The Xumi Fushou Temple was designed in 1780 for a very specific guest. The 6th Panchen Lama, Lobsang Palden Yeshe, traveled all the way from Tibet to Chengde to congratulate Emperor Qianlong on his 70th birthday. This was not a casual trip -- the journey from Lhasa to the hills of Hebei Province covered thousands of kilometers across some of the most difficult terrain in Asia. To honor the visit, Qianlong commissioned a temple that would make the Panchen Lama feel at home, blending Chinese and Tibetan architectural traditions into a complex covering nearly 38,000 square meters. The result is a temple that looks unlike anything else in northern China, its red terraces and golden-roofed halls rising from a hillside slope east of the neighboring Putuo Zongcheng Temple.
The temple's architecture reads as a conversation between cultures. The main building, the Great Red Terrace, rises three stories on a three-story foundation -- six levels of ascending grandeur. At its center sits the Miaogaozhuangyan Hall, where the Panchen Lama preached during his stay. Nearby, the Jixiangfaxi Hall served as his personal residence, its roof sheathed in gold-plated copper tiles that still catch the afternoon sun. A seven-story octagonal pagoda, the Liuli-Wanshou -- the Glazed Tile Pagoda of Longevity -- anchors another corner of the complex, alongside a glazed tile paifang gateway. In the stele pavilion, a memorial plaque bears inscriptions in four scripts: Manchu, Chinese, Mongolian, and Tibetan. Those four languages inscribed on a single stone capture the ambition of the Qing dynasty at its zenith -- an empire that governed peoples speaking dozens of languages and worshipping in traditions that stretched from Confucian temples to Tibetan monasteries.
When the Eight Outer Temples and the Chengde Mountain Resort underwent extensive renovations beginning in 1979, workers used stone slabs quarried from local sites in Hebei. It was not until 1992 that researchers began noticing something unusual in the paving stones: fossilized tracks preserved in the rock. Subsequent investigation revealed over 40 dinosaur footprints at the Xumi Fushou Temple alone, embedded in stone slabs laid in front of the main entrance and behind the decorative paifang. The tracks date to the Jurassic-Cretaceous boundary, a geological transition some 150 million years ago when dinosaurs still dominated this landscape. Scientists have since documented similar tracks in stone used throughout Chengde's temple district, making this perhaps the only place in the world where Buddhist pilgrims and tourists routinely walk on dinosaur footprints without knowing it.
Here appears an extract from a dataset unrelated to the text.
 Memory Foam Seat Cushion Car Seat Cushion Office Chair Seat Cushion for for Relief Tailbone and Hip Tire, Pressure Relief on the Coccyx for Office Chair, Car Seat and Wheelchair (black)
The Xumi Fushou Temple sits as one of Chengde's Eight Outer Temples, all of which were inscribed as UNESCO World Heritage Sites in 1994 alongside the Mountain Resort. But it carries a peculiar double significance that none of its siblings share. It is simultaneously a monument to 18th-century Qing diplomacy -- the physical evidence of a relationship between a Chinese emperor and a Tibetan spiritual leader -- and an accidental museum of deep geological time, its very foundations embedded with traces of a world that predates human civilization by more than a hundred million years. The Panchen Lama who preached here in 1780 stood on ground that dinosaurs had crossed in an era when the Yan Mountains were still taking shape. Whether you come for the golden rooftops or the ancient trackways, the temple rewards attention to what lies underfoot.
Located at 41.01N, 117.94E in Chengde, Hebei Province, adjacent to the Putuo Zongcheng Temple. The complex is visible from altitude by its distinctive Tibetan-style red terraces and golden-tiled roofs on a hillside slope. Nearest airport is Chengde Puning Airport (ZBCD). Best viewed at 3,000-5,000 ft AGL.